The coronavirus disease 2019 (COVID-19) pandemic, caused by the novel severe acute respiratory syn?drome coronavirus 2 (SARS-CoV-2), presents an unprecedented challenge to global public health with
researchers striving to find a possible therapeutic candidate that could limit the spread of the virus. In
this context, the present study employed an in silico molecular interaction-based approach to estimate
the inhibitory potential of the phytochemicals from ethnomedicinally relevant Indian plants including
Justicia adhatoda, Ocimum sanctum and Swertia chirata, with reported antiviral activities against crucial
SARS-CoV-2 proteins. SARS-CoV-2 proteins associated with host attachment and viral replication
namely, spike protein, main protease enzyme Mpro and RNA-dependent RNA polymerase (RdRp) are
promising druggable targets for COVID-19 therapeutic research. Extensive molecular docking of the
phytocompounds at the binding pockets of the viral proteins revealed their promising inhibitory
potential.
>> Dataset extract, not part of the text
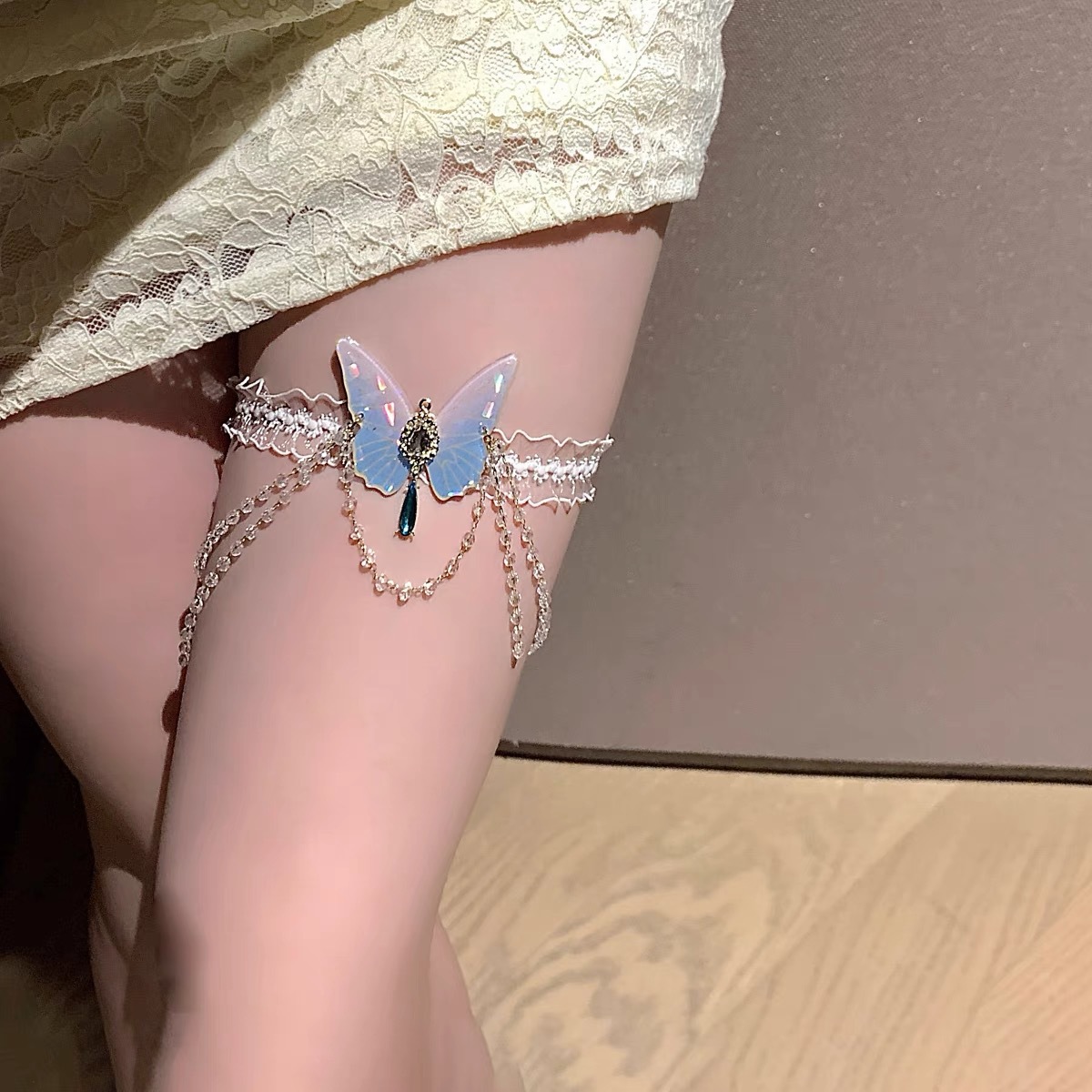 Body Jewelry For You - Fashionable Butterfly Pattern Elastic Lace Leg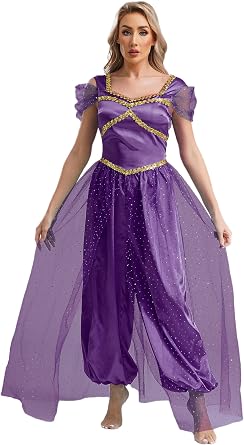FEESHOW Womens Arabian Princess Costume One Piece Romper Belly Dance Harem Pants with Tulle Overlay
Subsequent assessment of physicochemical features and potential toxicity of the compounds
followed by robust molecular dynamics simulations and analysis of MM-PBSA energy scoring function
revealed anisotine against SARS-CoV-2 spike and Mpro proteins and amarogentin against SARS-CoV-2
RdRp as potential inhibitors. It was interesting to note that these compounds displayed significantly
higher binding energy scores against the respective SARS-CoV-2 proteins compared to the relevant
drugs that are currently being targeted against them. Present research findings confer scopes to
explore further the potential of these compounds in vitro and in vivo towards deployment as efficient
SARS-CoV-2 inhibitors and development of novel effective therapeutics.